After applying rules, confirm with a sanity check before trusting your results:

# Show current qdisc
tc qdisc show dev eth0

# Measure actual latency with ping statistics
ping -c 50 -q 8.8.8.8

# Or use hping3 for TCP-level stats (more relevant for app testing)
hping3 -c 100 -S -p 80 your-backend.example.com

What This Catches in Practice

Six months of running every deployment candidate through at least the regional scenario has produced a consistent list of pre-production catches:

  • HTTP clients with no timeout configured — they’d hang indefinitely under packet loss
  • Database connection pools that didn’t handle reconnects after a jitter spike triggered a TCP RST
  • WebSocket clients that silently stopped receiving messages when reordered packets hit an edge case in the message reassembly logic
  • Queue consumers that starved under high latency because the prefetch window was too small

Zero of these surfaced in LAN-based testing.

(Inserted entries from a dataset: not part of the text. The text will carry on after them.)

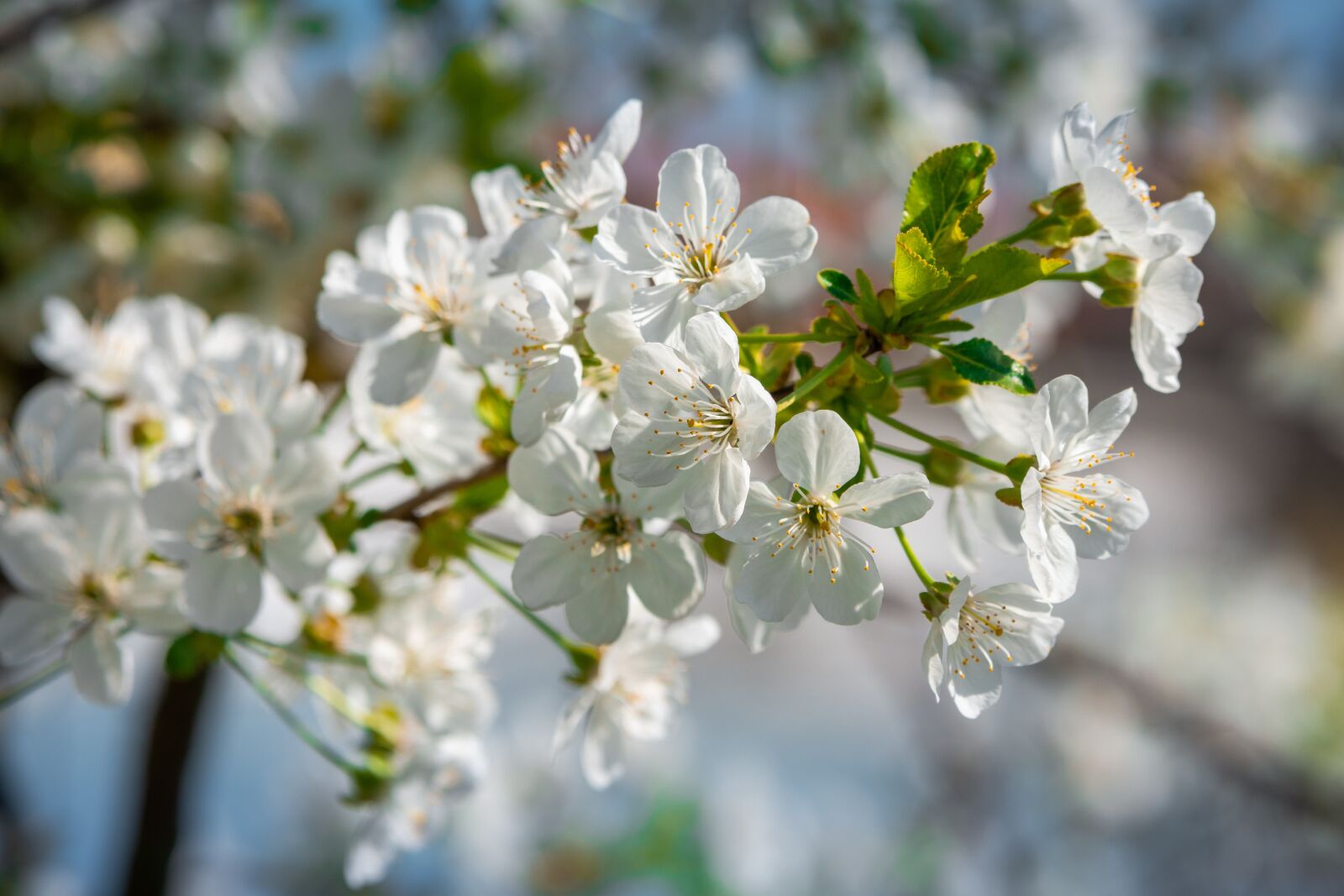 Nikon D7200 sample photo. Cherry blossom, spring, blossom photography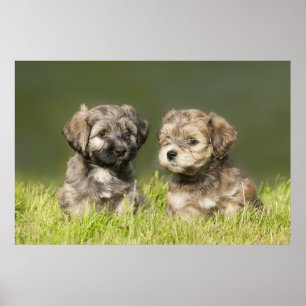 Havanese Puppies Poster
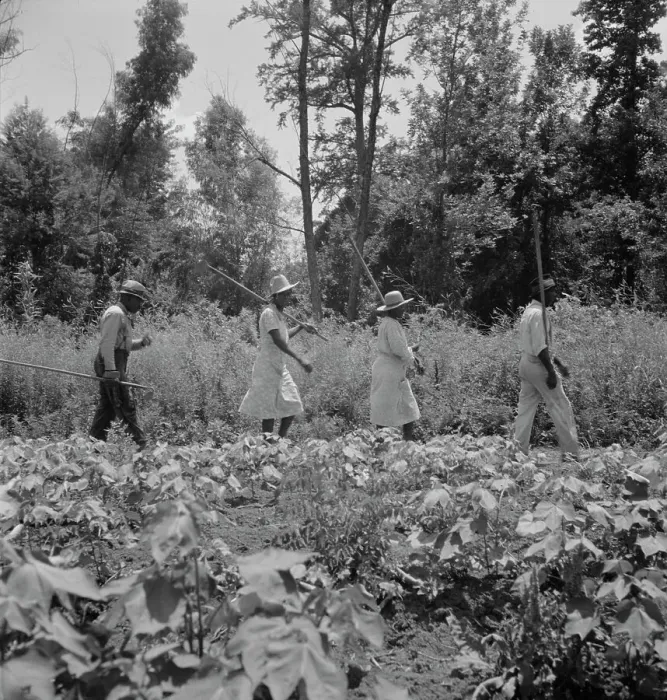 Framed Print : These cotton hoers work from 6 am to 7 pm for one dollar near Clarksdale, Mississippi, 1937. Creator: Dorothea Lange Framed Print : These cotton hoers work from 6 am to 7 pm for one dollar near Clarksdale, Mississippi, 1937. Creator: Dorothea Lange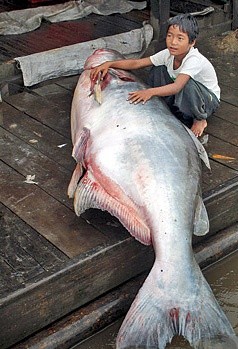 Cá nheo sông Mekong bị bắt tại Campuchia. Cá thể lớn nhất từng bị bắt nặng tới 293kg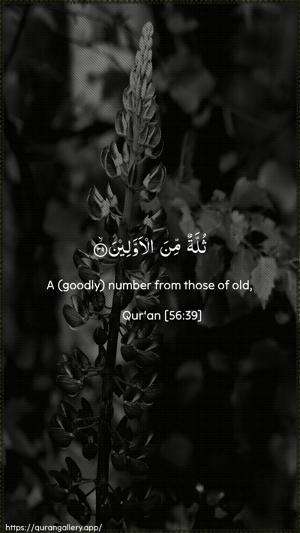 Al-Waaqia Ayah 39 - Arabic + English wallpaper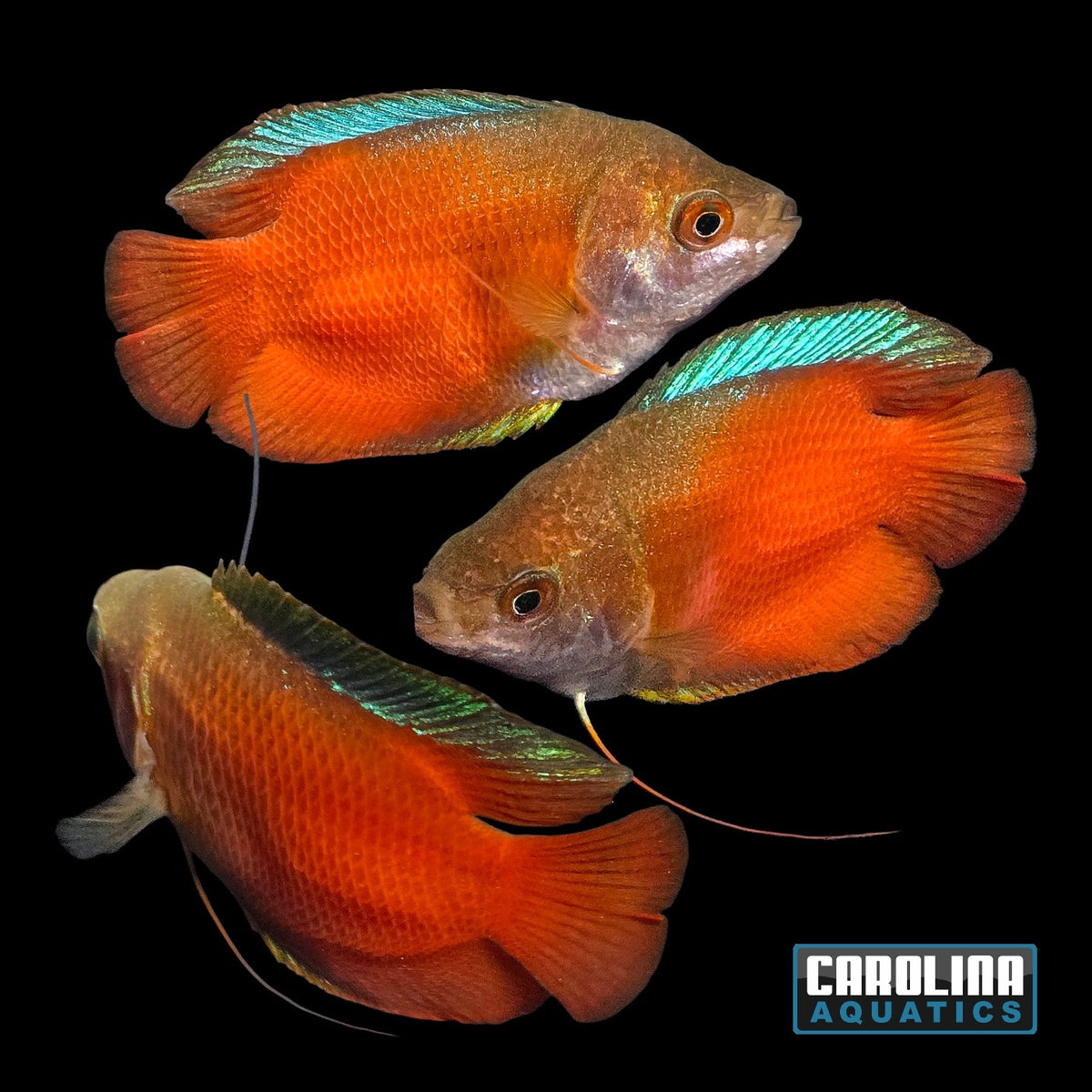 Gourami - Dwarf Blood Red Male Lg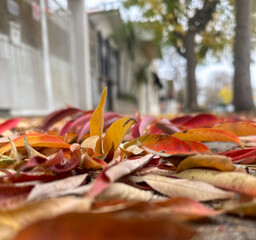 Low-angle close-up of colorful autumn leaves scattered on a quiet street, with blurred trees and...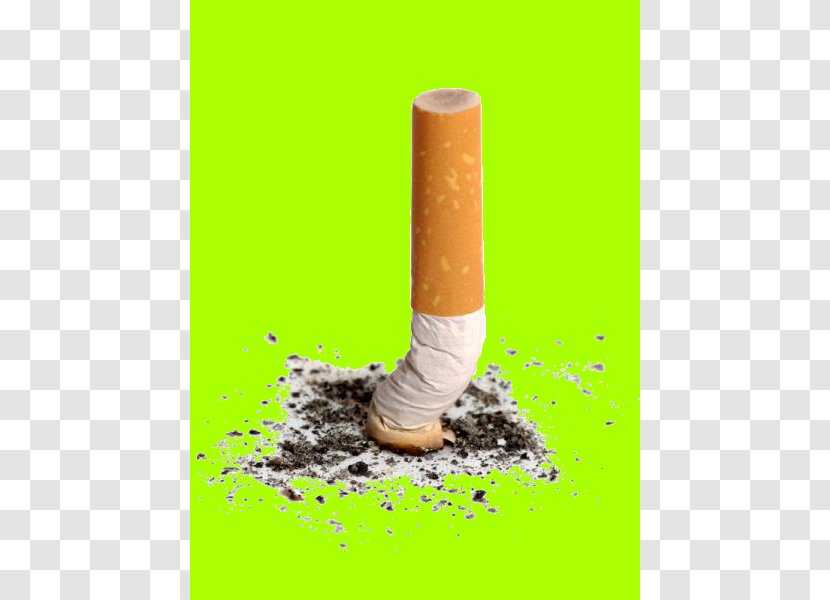 Menthol Cigarette Tobacco Smoking - Tree Transparent PNG
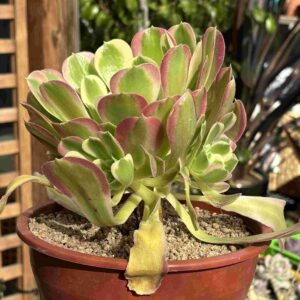 Aeonium River Stone (con hijos, gran tamaño)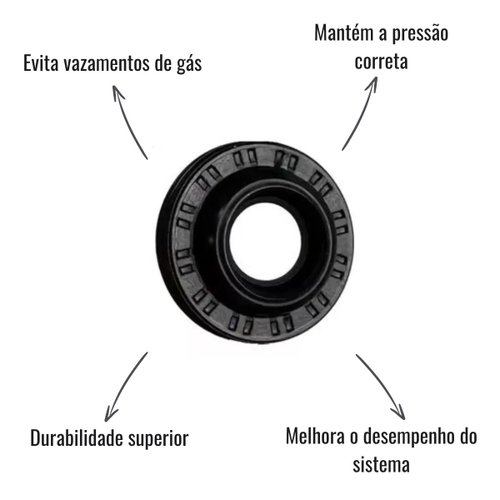 Selo do Compressor Sanden 5H09 Civic Onix Prisma Spin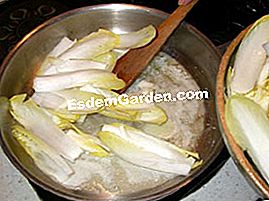 Karamellisierte Endivien mit Orangensaft - (Orangensaft) Butter Endivien kochen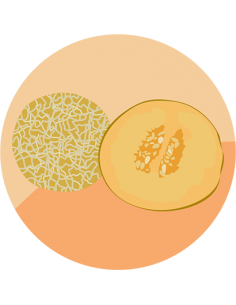 MELON ESCRITO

All of them appeared within minutes under the degraded network scenario.

A Few Practical Notes

Netem only affects outgoing traffic on the interface. Impairing both directions requires rules on both sides of the connection, or a dedicated network namespace or VM acting as an intermediary.

For container-based setups, run netem inside the container’s network namespace, or use a sidecar container as a network proxy with impairments applied to its interface.

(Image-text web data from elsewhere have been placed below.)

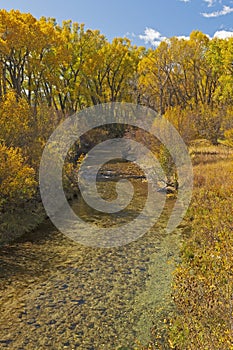 Mountain Stream in Autumn Colors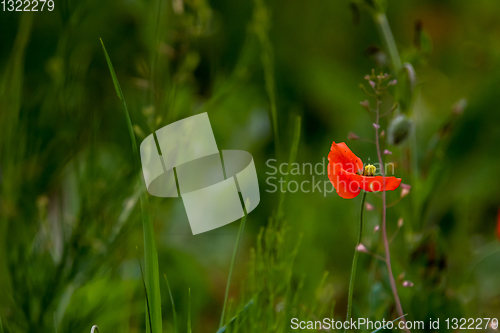Image of Blooming red poppy flowers on summer meadow.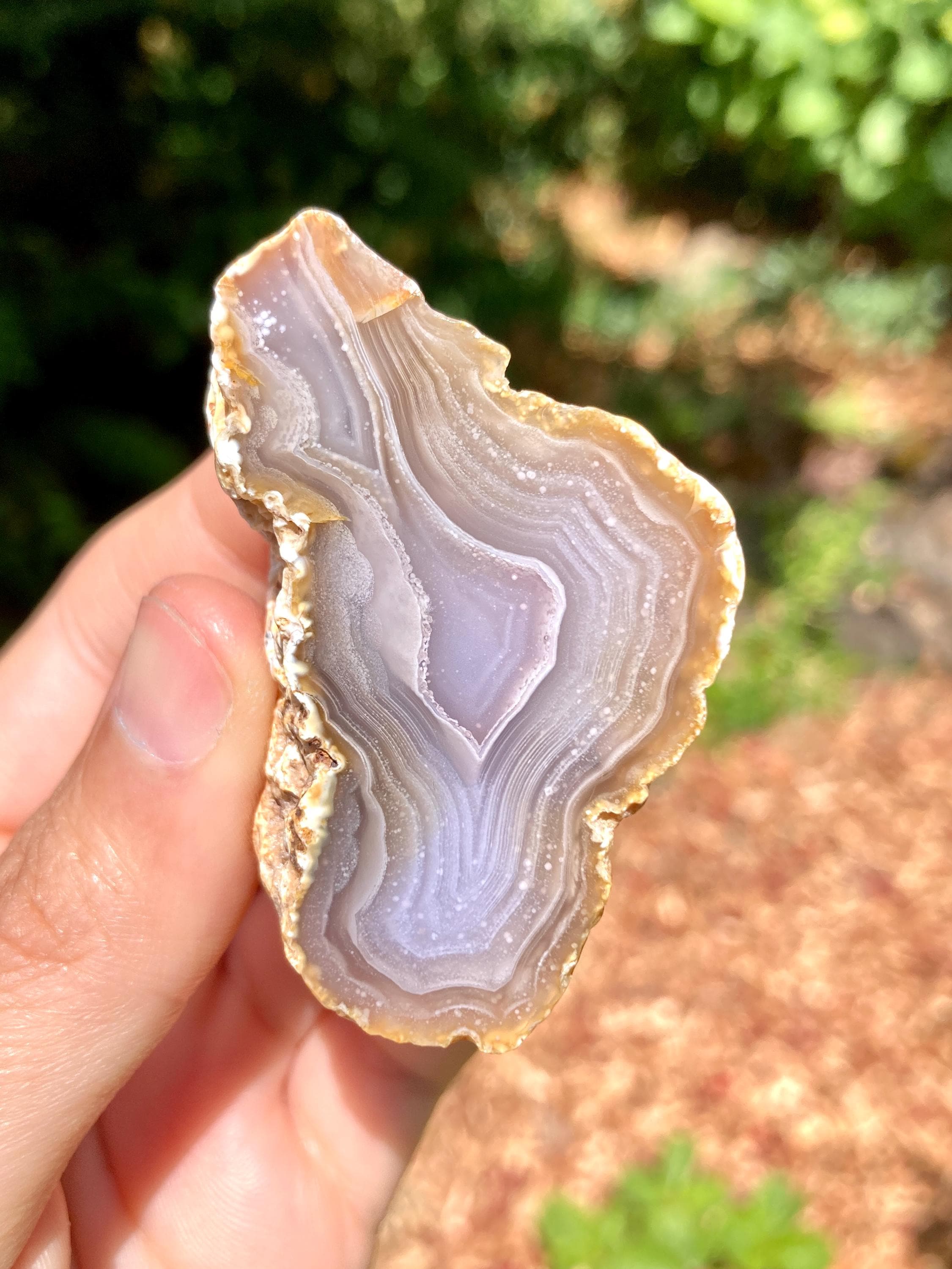 Picacho Agate Polished Specimen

One more thing: netem rules survive process restarts but not reboots. If your test VM cycles mid-session, the rules are gone. Keep the apply/remove script somewhere obvious.

Making This Part of Your Standard Process

The real shift wasn’t the tooling — it was treating degraded network conditions as a normal part of the testing matrix, not an edge case. Every non-trivial network-facing change in our codebase now goes through at least the regional scenario before it gets a deploy approval.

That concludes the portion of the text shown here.